Also on October 21, 2010, Omeros and LSDF entered into a Grant Award Agreement (the “LSDF Agreement,” and together with the Vulcan Agreement, the “GPCR Funding Agreements”) pursuant to which LSDF made a grant award to Omeros of $5 million that will be paid against expenses incurred by Omeros related to the GPCR Program. In exchange for these payments, Omeros has agreed to pay to LSDF a portion of net proceeds that it receives from the GPCR Program as described above. Under the LSDF Agreement, after LSDF receives $25 million from Omeros, any remaining amounts that would be payable by Omeros to LSDF pursuant to the agreement will instead be paid to LSI. If for any reason LSDF does not provide the full $5 million to Omeros, LSDF’s percentage share of net proceeds will be reduced in proportion to the amount it actually pays to Omeros. Omeros’ obligations with respect to LSI are limited to creating LSI’s charter documents, incorporating LSI, selecting directors and applying for tax exempt status, all in consultation with LSDF. Omeros has no other obligations, funding or otherwise, to LSI.

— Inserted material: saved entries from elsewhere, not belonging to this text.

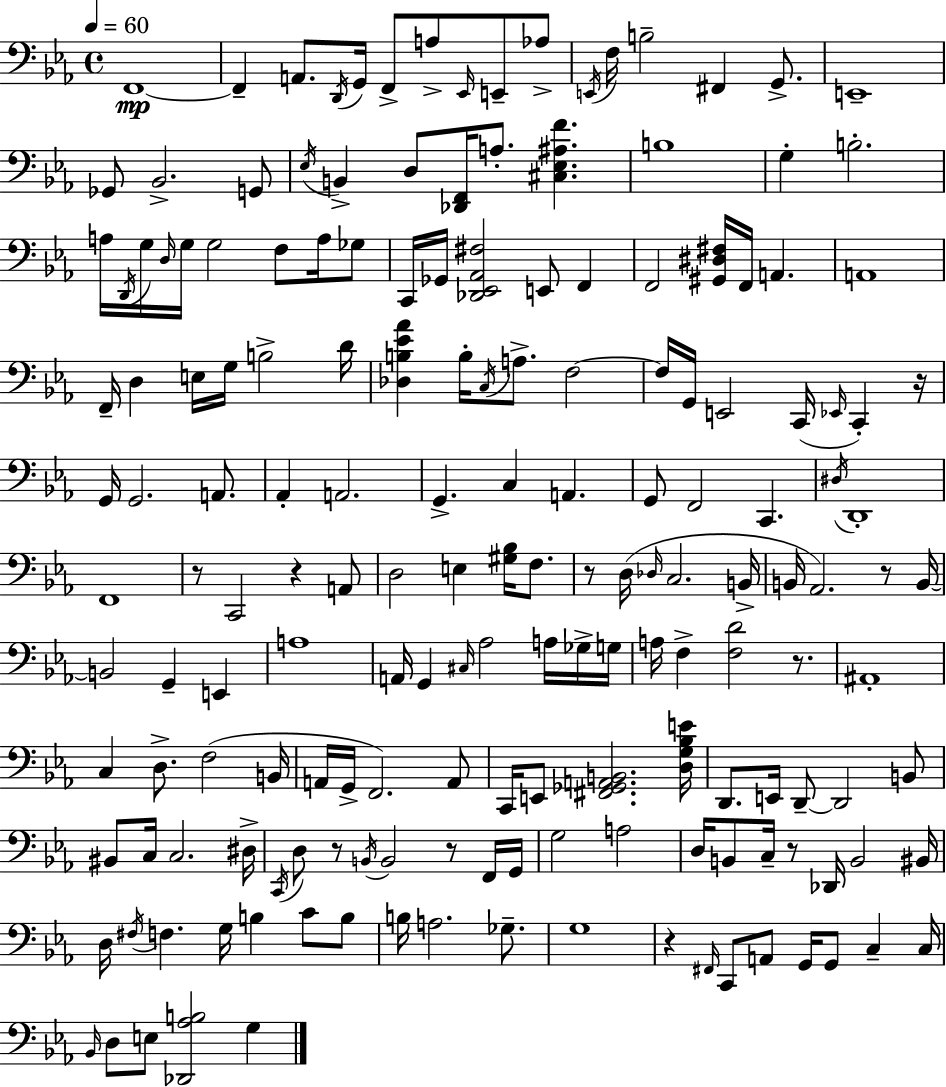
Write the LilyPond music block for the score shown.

{
  \clef bass
  \time 4/4
  \defaultTimeSignature
  \key c \minor
  \tempo 4 = 60
  f,1~~\mp | f,4-- a,8. \acciaccatura { d,16 } g,16 f,8-> a8-> \grace { ees,16 } e,8-- | aes8-> \acciaccatura { e,16 } f16 b2-- fis,4 | g,8.-> e,1-- | \break ges,8 bes,2.-> | g,8 \acciaccatura { ees16 } b,4-> d8 <des, f,>16 a8.-. <cis ees ais f'>4. | b1 | g4-. b2.-. | \break a16 \acciaccatura { d,16 } g16 \grace { d16 } g16 g2 | f8 a16 ges8 c,16 ges,16 <des, ees, aes, fis>2 | e,8 f,4 f,2 <gis, dis fis>16 f,16 | a,4. a,1 | \break f,16-- d4 e16 g16 b2-> | d'16 <des b ees' aes'>4 b16-. \acciaccatura { c16 } a8.-> f2~~ | f16 g,16 e,2 | c,16( \grace { ees,16 } c,4-.) r16 g,16 g,2. | \break a,8. aes,4-. a,2. | g,4.-> c4 | a,4. g,8 f,2 | c,4. \acciaccatura { dis16 } d,1-. | \break f,1 | r8 c,2 | r4 a,8 d2 | e4 <gis bes>16 f8. r8 d16( \grace { des16 } c2. | \break b,16-> b,16 aes,2.) | r8 b,16~~ b,2 | g,4-- e,4 a1 | a,16 g,4 \grace { cis16 } | \break aes2 a16 ges16-> g16 a16 f4-> | <f d'>2 r8. ais,1-. | c4 d8.-> | f2( b,16 a,16 g,16-> f,2.) | \break a,8 c,16 e,8 <fis, ges, a, b,>2. | <d g bes e'>16 d,8. e,16 d,8--~~ | d,2 b,8 bis,8 c16 c2. | dis16-> \acciaccatura { c,16 } d8 r8 | \break \acciaccatura { b,16 } b,2 r8 f,16 g,16 g2 | a2 d16 b,8 | c16-- r8 des,16 b,2 bis,16 d16 \acciaccatura { fis16 } f4. | g16 b4 c'8 b8 b16 a2. | \break ges8.-- g1 | r4 | \grace { fis,16 } c,8 a,8 g,16 g,8 c4-- c16 \grace { bes,16 } | d8 e8 <des, aes b>2 g4 | \break \bar "|."
}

The LSDF Agreement also contains customary covenants and events of default. Upon the occurrence of an event of default, LSDF may, among other things, stop providing any additional funding to Omeros and require that all payments that were directed to LSI be instead paid to LSDF. The term of the LSDF Agreement expires on the six-month anniversary following the last date that Omeros delivers a report related to its incurrence of grant-funded expenses described in the LSDF Agreement, provided that certain obligations will survive the expiration of the term. The term of Omeros’ payment obligations under the LSDF Agreement is the same as that under the Vulcan Agreement.

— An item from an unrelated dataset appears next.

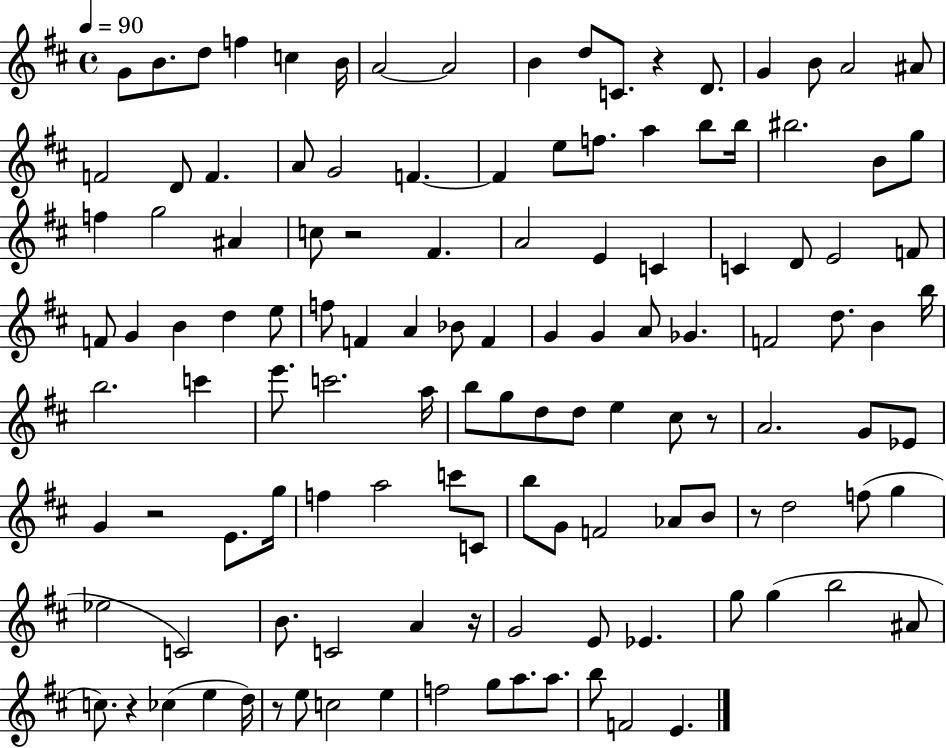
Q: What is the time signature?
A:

In addition, Omeros may dispose of all or substantially all of the assets related to the GPCR Program without LSDF’s prior consent if Omeros, at Omeros’ option (a) assigns the LSDF Agreement to the purchaser and causes such purchaser to agree to assume the obligations thereunder (in which case the consideration received by Omeros in connection with such transaction would be excluded for the purpose of calculating net proceeds) or (b) not make such assignment (in which case the consideration received by Omeros in connection with such transaction would be included for the purpose of calculating net proceeds). Further, Omeros may enter into a change in control transaction without obtaining the consent of LSDF if the LSDF Agreement is assigned to the counterparty to such transaction and such counterparty assumes Omeros’ obligations thereunder. The consideration received by Omeros or its shareholders in connection with any such transaction will be excluded from the calculation of net proceeds pursuant to the LSDF Agreement. LSDF may assign its rights under the LSDF Agreement to any person that is not an Omeros competitor.

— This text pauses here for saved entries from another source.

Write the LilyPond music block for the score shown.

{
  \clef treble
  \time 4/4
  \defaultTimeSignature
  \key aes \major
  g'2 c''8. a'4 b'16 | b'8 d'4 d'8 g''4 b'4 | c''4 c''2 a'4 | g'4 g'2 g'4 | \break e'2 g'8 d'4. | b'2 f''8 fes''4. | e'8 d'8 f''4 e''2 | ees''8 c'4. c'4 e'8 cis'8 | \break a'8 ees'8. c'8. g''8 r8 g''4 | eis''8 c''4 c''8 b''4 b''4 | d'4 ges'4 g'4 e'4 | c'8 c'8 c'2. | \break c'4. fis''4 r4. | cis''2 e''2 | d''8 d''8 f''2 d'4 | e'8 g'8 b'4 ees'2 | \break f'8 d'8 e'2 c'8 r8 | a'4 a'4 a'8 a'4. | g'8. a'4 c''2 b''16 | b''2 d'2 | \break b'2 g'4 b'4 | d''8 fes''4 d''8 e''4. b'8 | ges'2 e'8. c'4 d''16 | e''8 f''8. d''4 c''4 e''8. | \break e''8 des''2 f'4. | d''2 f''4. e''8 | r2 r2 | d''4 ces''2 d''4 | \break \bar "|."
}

In addition, pursuant to the GPCR Funding Agreements, Omeros has agreed (1) to use its commercially reasonable efforts to screen a majority of the currently known human Class A orphan GPCRs within the next 19 months, subject to possible extensions and (2) to commence a medicinal chemistry effort focused on developing a product candidate with respect to one orphan GPCR for which compounds were identified using the GPCR assay technology.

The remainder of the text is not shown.